A GSM modem is used to send the position (Latitude and Longitude) of the vehicle from a remote place. The GPS modem will continuously give the data i. e. the latitude and longitude indicating the position of the vehicle. The GPS modem gives many parameters as the output, but only the NMEA data coming out is read and displayed on to the LCD. The same data is sent to the mobile at the other end from where the position of the vehicle is demanded. An EEPROM is used to store the mobile number. The hardware interfaces to microcontroller are LCD display, GSM modem and GPS Receiver.

The design uses RS-232 protocol for serial communication between the modems and the microcontroller. A serial driver IC is used for converting TTL voltage levels to RS-232 voltage levels. When the request by user is sent to the number at the modem, the system automatically sends a return reply to that mobile indicating the position of the vehicle in terms of latitude and longitude. SOFTWARE: Embedded ‘C’ TOOLS: Keil uvision, uC flash programmer. TARGET DEVICE: P89V51RD2(8051 Microcontroller) APPLICATIONS: Vehicle tracking. ADVANTAGES: Low cost, automated operation, Low Power consumption.

REFERENCE: The 8051 micro controller and embedded systems by Mazidi Index 1. Introduction to Embedded Systems 2. 8051 , Block diagram , Pin description 3. P89V51RD2 Microcontrollers 4. GPS, 5. GSM 6. LCD 7. Working flow of the project Block diagram and Schematic diagram 8. Source code 9. Keil software 10. Conclusion 11. Bibliography Chapter 1 Introduction to Embedded Systems EMBEDDED SYSTEM An embedded system is a special-purpose computer system designed to perform one or a few dedicated functions, sometimes with real-time computing constraints.

It is usually embedded as part of a complete device including hardware and mechanical parts. In contrast, a general-purpose computer, such as a personal computer, can do many different tasks depending on programming. Embedded systems have become very important today as they control many of the common devices we use. Since the embedded system is dedicated to specific tasks, design engineers can optimize it, reducing the size and cost of the product, or increasing the reliability and performance.

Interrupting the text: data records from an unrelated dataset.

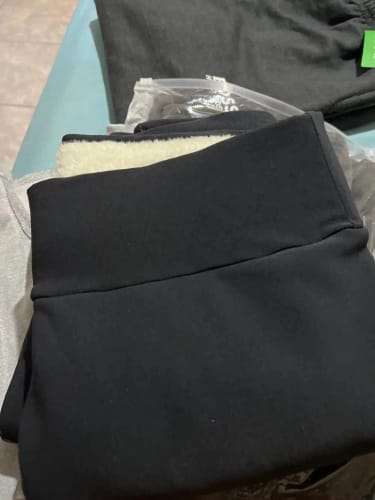 Customer photo review of Fleece Leggings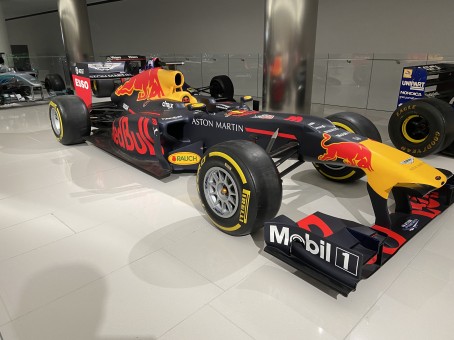M RGTR, 18, Chile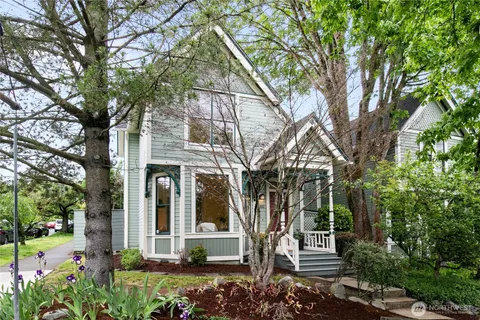 $1,100,000 | 2202 East John Street, Seattle, WA 98112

Some embedded systems are mass-produced, benefiting from economies of scale. Physically, embedded systems range from portable devices such as digital watches and MP3 players, to large stationary installations like traffic lights, factory controllers, or the systems controlling nuclear power plants. Complexity varies from low, with a single microcontroller chip, to very high with multiple units, peripherals and networks mounted inside a large chassis or enclosure.

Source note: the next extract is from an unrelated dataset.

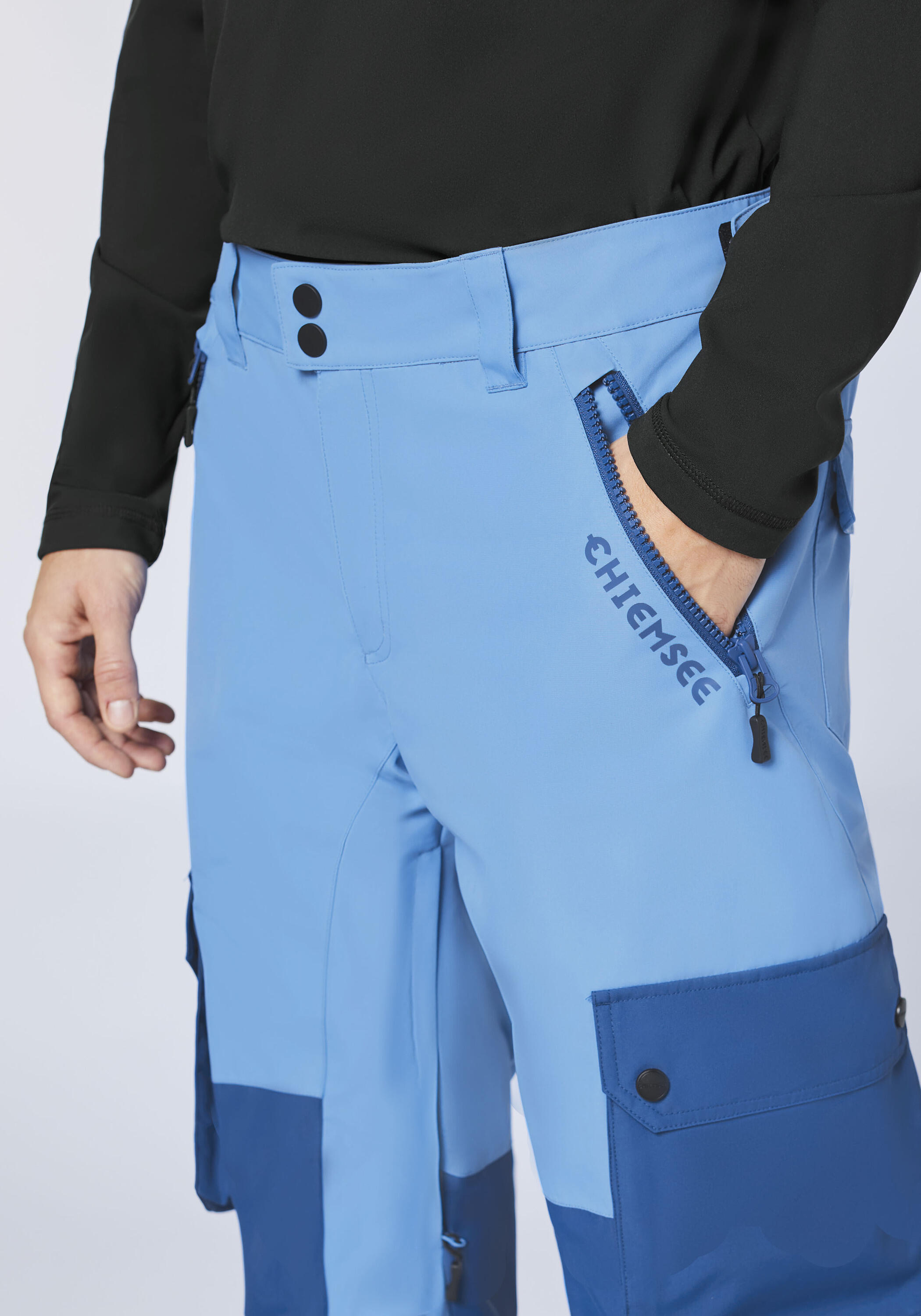 Skihose mit Belüftungszippern, Schneefang und viel Stauraum 7/7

In general, “embedded system” is not an exactly defined term, as many systems have some element of programmability. For example, Handheld computers share some elements with embedded systems — such as the operating systems and microprocessors which power them — but are not truly embedded systems, because they allow different applications to be loaded and peripherals to be connected. An embedded system is some combination of computer hardware and software, either fixed in capability or programmable, that is specifically designed for a particular kind of application device.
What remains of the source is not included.